Eric Babak Alles, was in dem Bild gezeigt wird, kann auch zu hören sein, wenn es für Yadegar Asisis Inszenierung von Bedeutung ist. Im Film sind das die Geräusche, die die Szenen authentisch machen. Die Panoramamusik führt die Besucher durch das Bild. Licht und Musik sind genau aufeinander abgestimmt. Bei Bildern mit einem Tag und Nacht Wechsel wird das natürlich auch unterstützt. Manchmal ist es für eine Weile einfach still, oder es zwitschern nur die Vögel, oder es regnet, auch das kann Ruhe erzeugen. Insgesamt läuft der Sound im Tag-Nacht-Rhythmus etwa 15-20 Minuten pro Durchgang, aber viele Besucher bleiben viel länger für mehrere Durchgänge und entdecken auf ihren Rundgängen immer wieder neue Details im Panorama und in der Musik.

ThreeSixO Im Bereich der klassischen Musik gibt es die symphonische Dichtung, Musik, die ohne Worte erzählt. Ihre Panoramamusik scheint mir ähnlich zu sein, vor allem wenn man bedenkt, welch tiefe emotionale Wirkung sie auf das Publikum hat. Wenn man die Besuchenden beobachtet, kann man sehen, wie sie allein durch den Anblick und den Klang mitgerissen werden. Wie gehen Sie beim Komponieren von Emotionen vor?
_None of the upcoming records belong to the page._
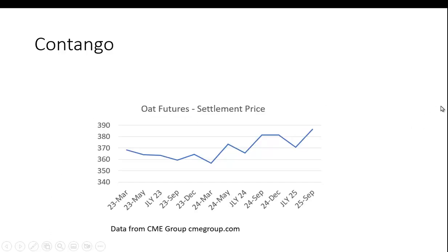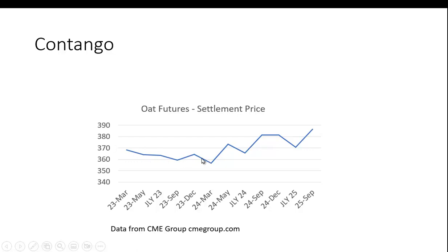Let's take a look at a graph. I grabbed some data from the CME Group — they used to run under the name of the Chicago Mercantile Exchange — and these are oat futures settlement prices. You can see it's not a straight upward-sloping curve, but if you look at the difference between March 2023 expiration and September 2025, this earlier price is lower than the later price. This would be the case of contango. You can also have backwardation, which is the opposite, and you can have places where the market is in backwardation and then contango in different places.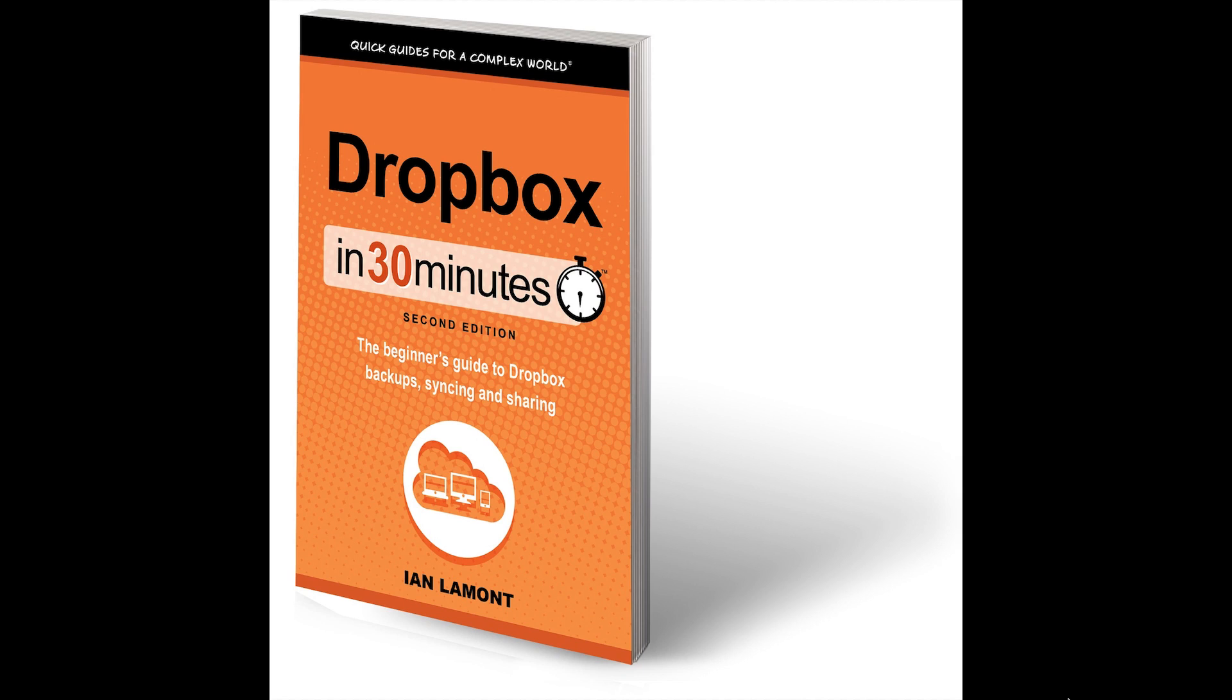Hello, everyone. My name is Ian Lamont. I'm the author of Dropbox in 30 minutes. And today I'm going to be talking about how to use a Dropbox feature called Selective Sync to save space on your Dropbox account.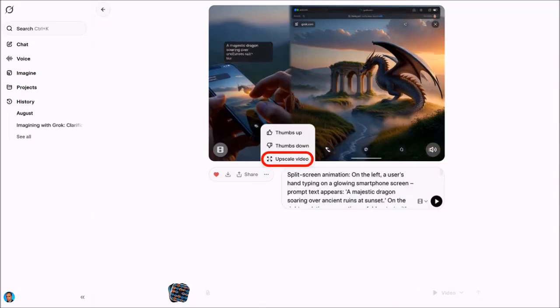Just a quick suggestion: before you upscale the video, I would recommend downloading the original, just in case, because it will override the original.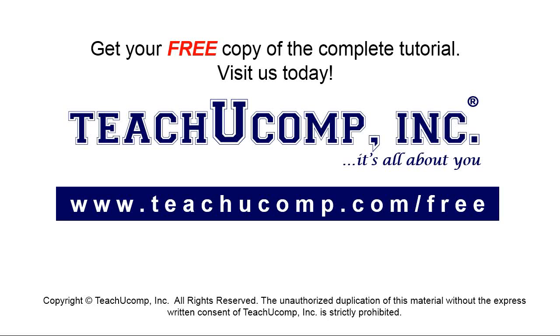Get your free copy of the complete tutorial at www.teachyoucomp.com/free.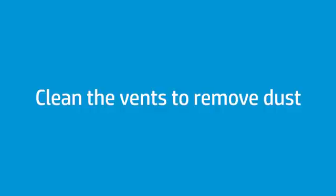The most common cause of overheating is dust inside the computer. Dust accumulation restricts air flow and causes the fans to work harder. Follow these steps to clean the vents.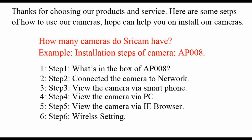Thank you for choosing our products and services. Here are some steps that will help you use our cameras.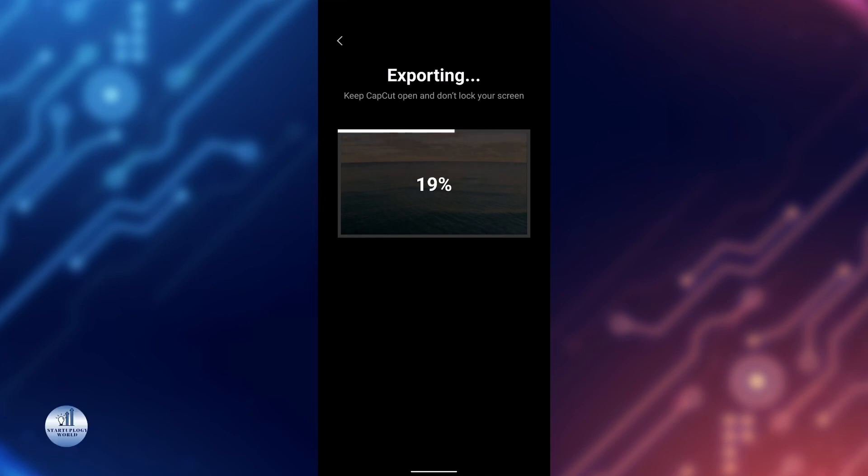Once it's exported, you can share it directly from CapCut to any other social media platform, for example, TikTok, Facebook, and YouTube as well.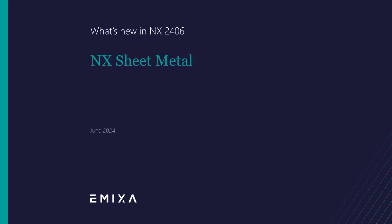Hello and welcome to this short video on the new features and improvements for sheet metal in the NX release of June 2024.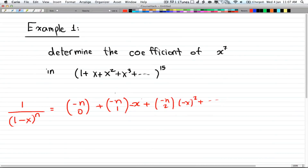This is the first example of finding a coefficient using generating functions. In this example we have: determine the coefficient of x to the power of 7 in (1 + x + x² + x³ + ... to infinity) to the power of 15.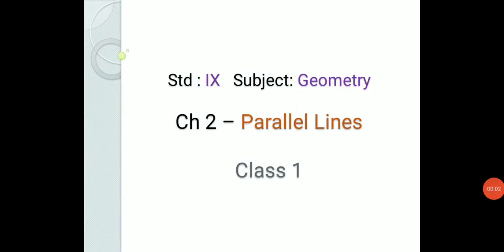A very good morning to all of you. In the previous class, we have completed Chapter 1, Basic Concepts in Geometry. Today, we are going to start Chapter 2, Parallel Lines. In Standard 8, you have gone through the concepts of parallel lines, so let us quickly revise those concepts first.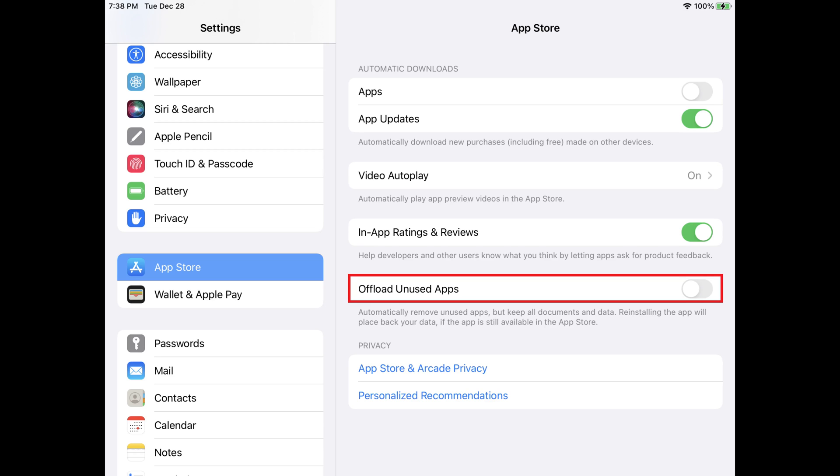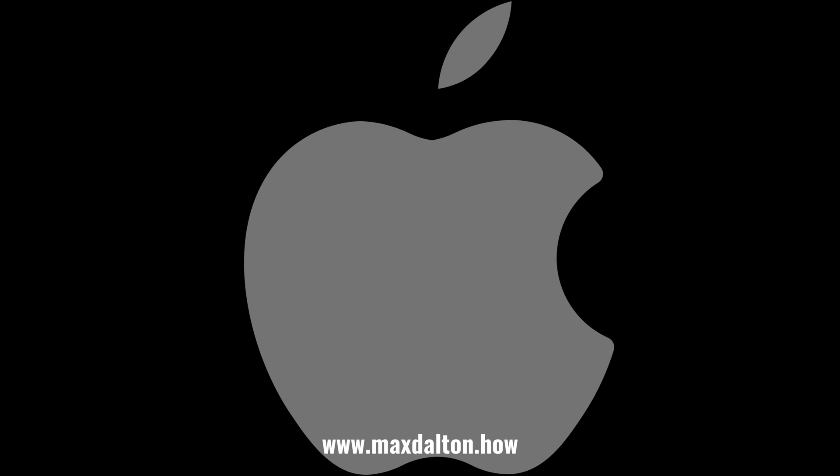However, going forward apps will no longer be offloaded automatically. Let me know if this video helped you out in the comments below.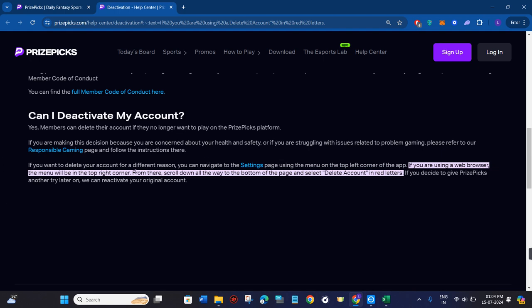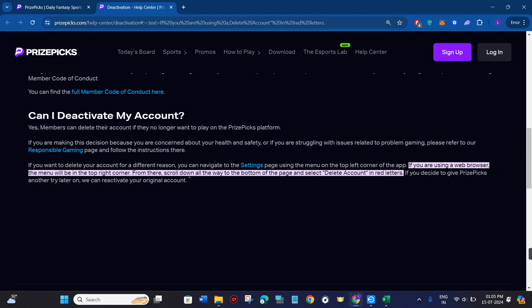If you are certain to delete your account for different reasons, then you just have to go to the settings page using the menu in the top left hand corner in the application. If you are using the web browser, then the menu bar will be on the top right hand corner of the screen.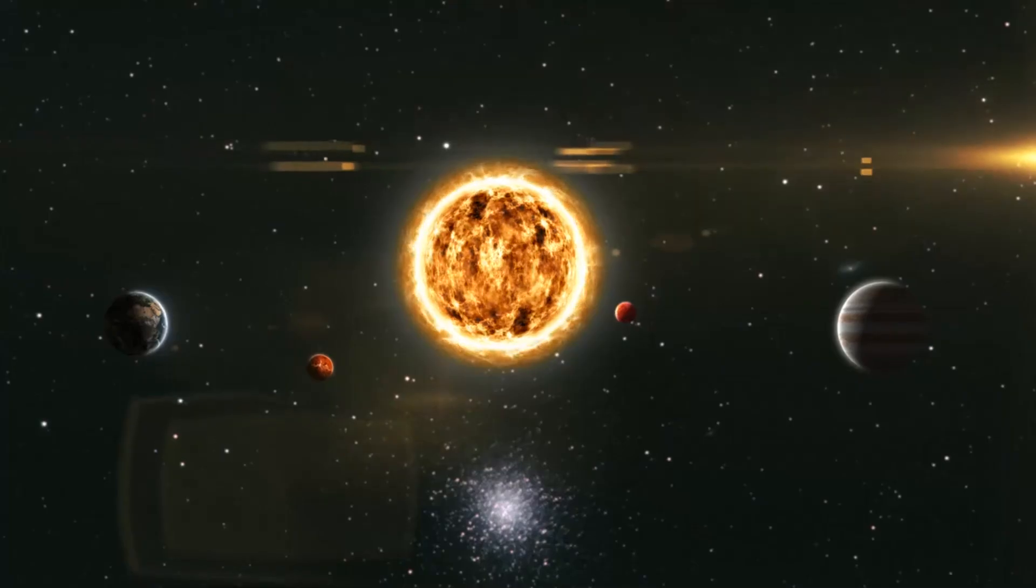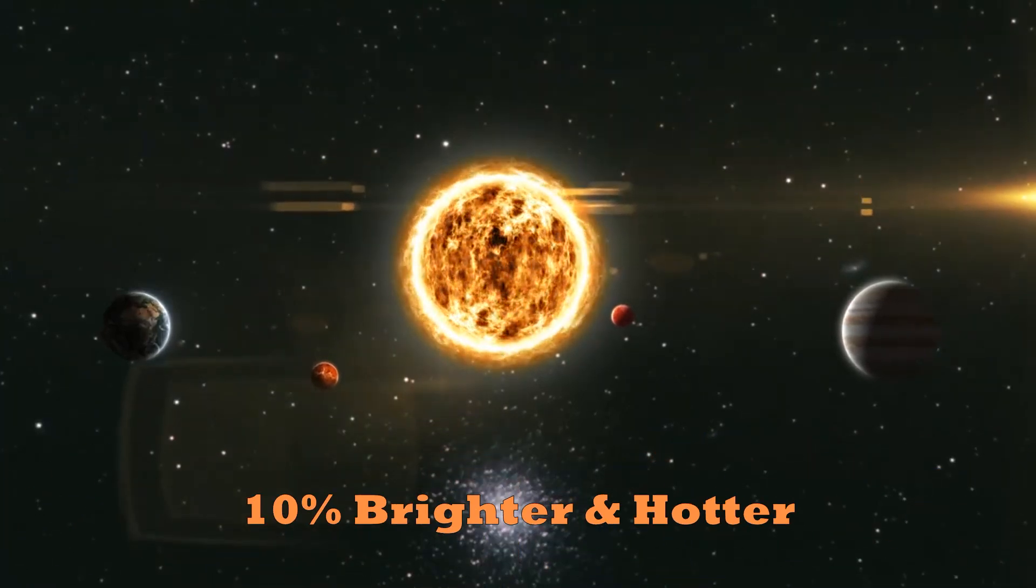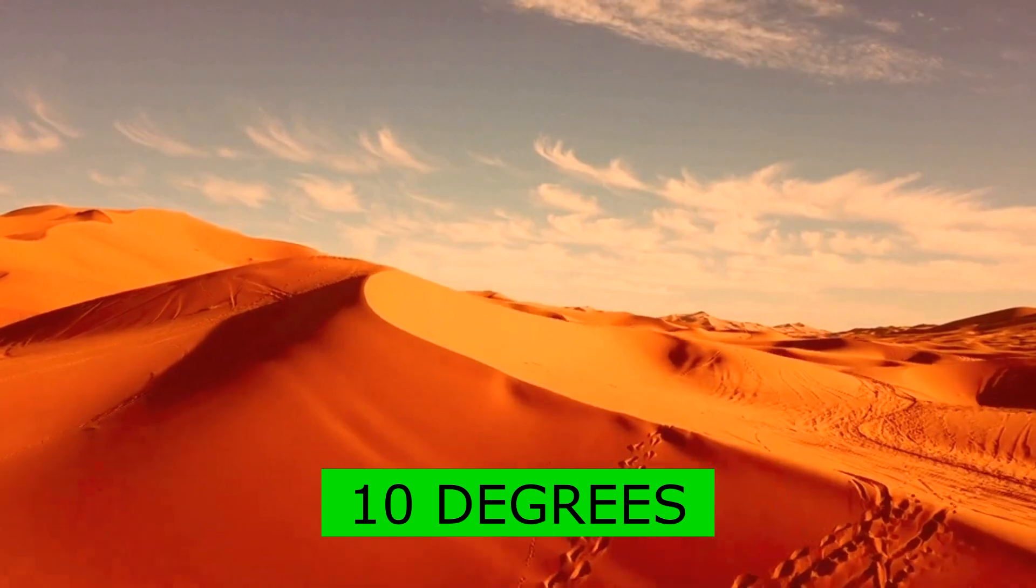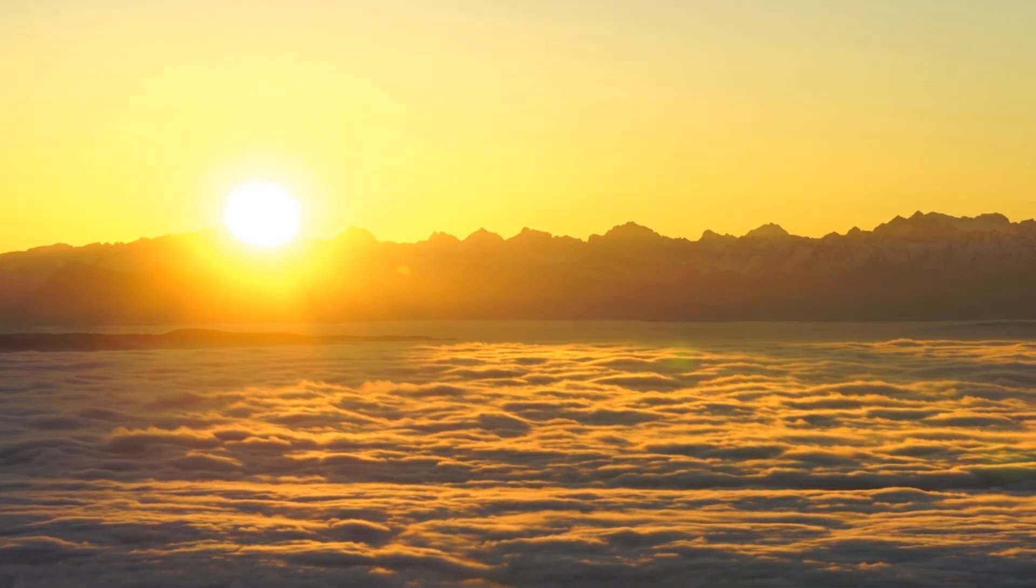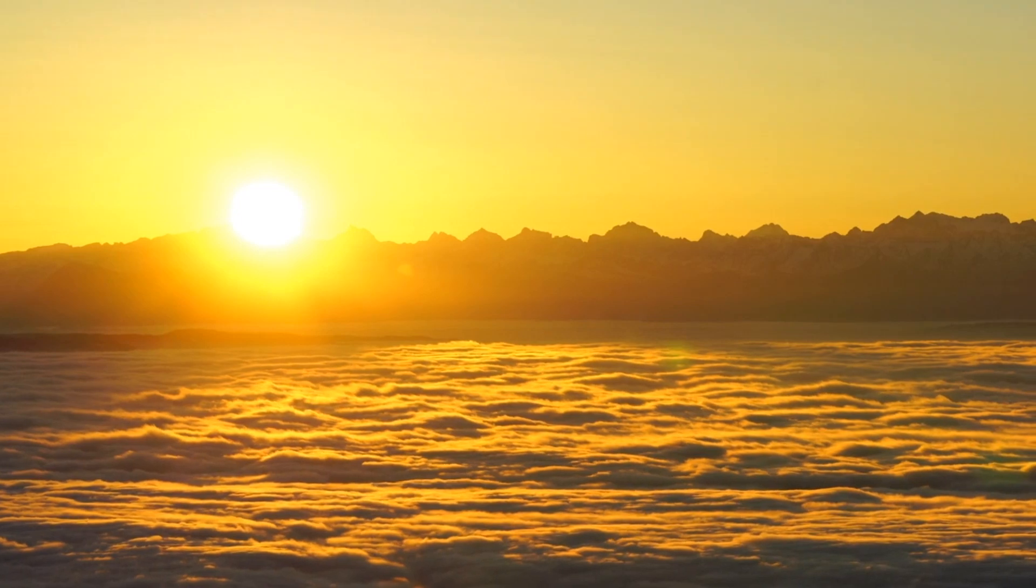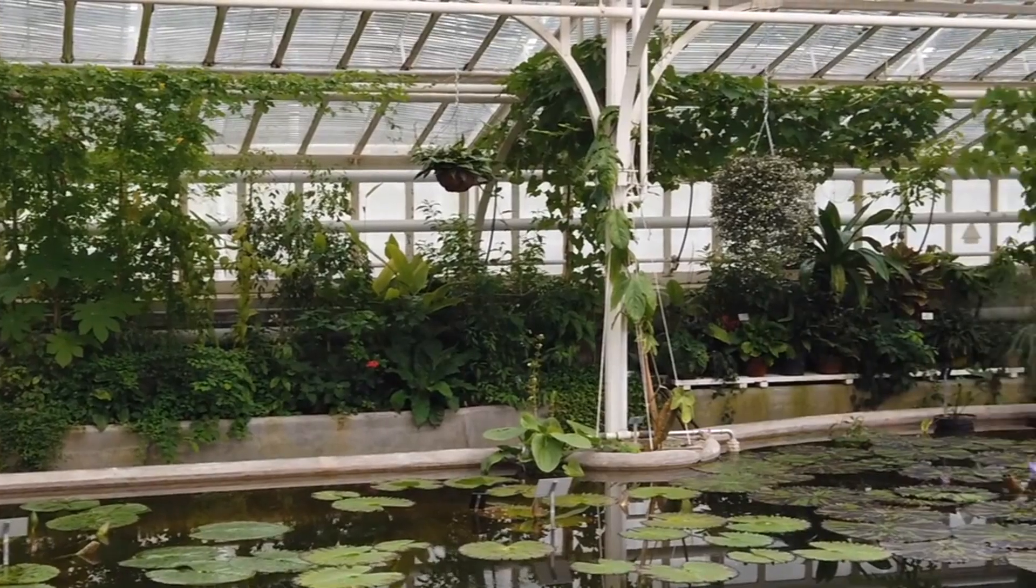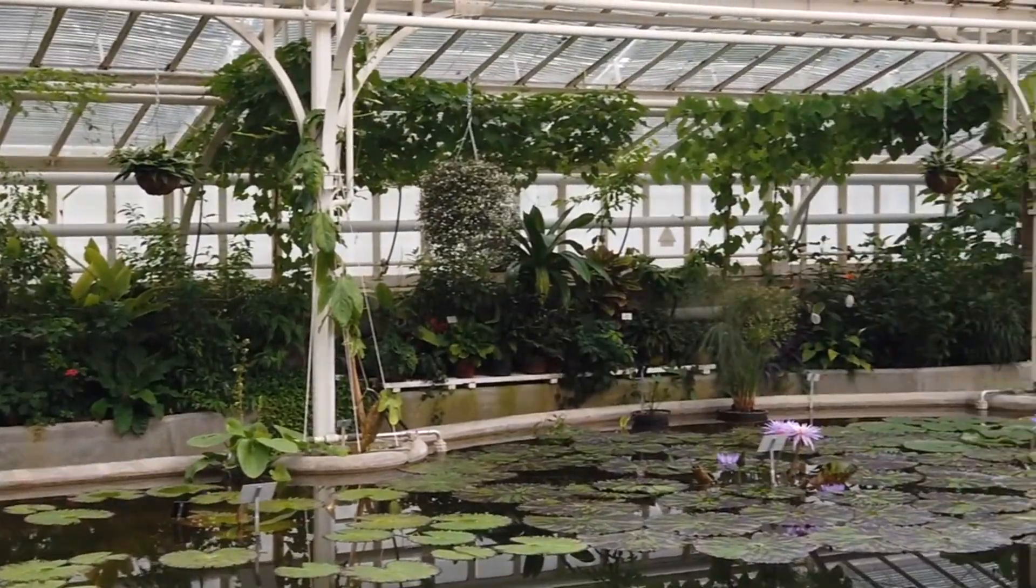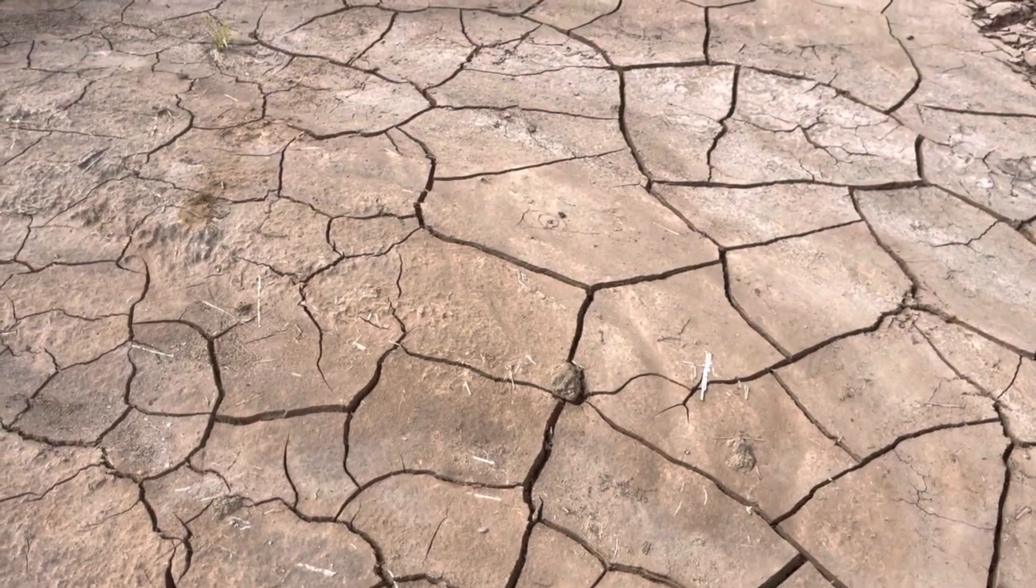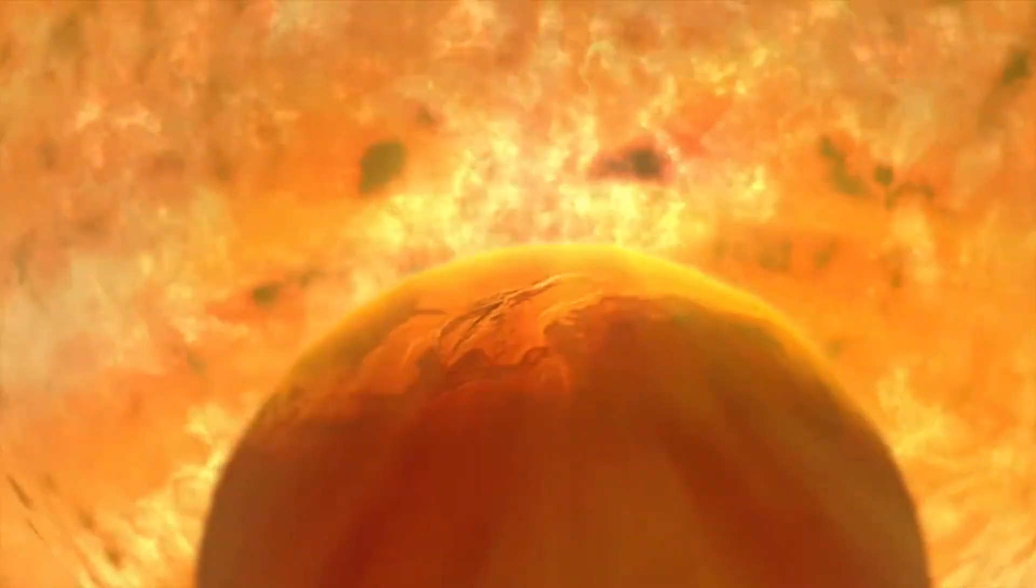In about 1 billion years, the Sun will become 10% brighter and hotter, increasing the average temperature on Earth by about 10 degrees. This will cause the oceans to evaporate, the atmosphere to lose water vapor, and the greenhouse gas effect to intensify. The Earth will become a hot and dry planet, unable to support life.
Eric Babak Um ehrlich zu sein, weiß ich das nicht genau. Ich will gar nicht verstehen, wie es entsteht. Ich wehre mich immer dagegen zu analysieren, wie es entsteht, es muss aus einer Leichtigkeit, einer Unbeschwertheit heraus entstehen. Meine Zusammenarbeit mit Yadegar Asisi ist sehr spontan und der ständige Austausch inspiriert sofort zu neuen Ideen. Wir entwickeln gemeinsam das Konzept vom Soundtrack, und ich hatte noch nie das Gefühl, dass ich mich im Ergebnis verbiegen musste. Er hat sehr klare Vorstellungen wie sein Bild klingen soll, und ein sehr feines Gespür bezüglich der Intensität der Emotionen. Das können Gedanken sein wie beispielsweise Traurigkeit mit einem Hoffnungsschimmer oder Freude mit einem Hauch von Sorge. Dies umzusetzen ist ein spannender Vorgang für mich. Glücklicherweise stimmen unsere Vorstellungen darüber überein, wie es klingen soll, welche Emotionen es hervorrufen soll. Nach unseren Gesprächen kristallisiert sich für mich immer eine Idee klare heraus. Erst wenn es im Kopf fertig ist, gehe ich ins Studio für die Umsetzung, weil ich die Musik dann mit Orchester und Chören aufnehme. Für mich ist wichtig, dass das Bild für Yadegar so klingt wie er es im Kopf hatte, dann ist meine Mission erfüllt. Ich freue mich auf jedes neue Werk als wäre es das erste. Wenn man dann die Besucher mit staunenden Augen sieht, und hier und da eine Träne, ist das ein toller Moment.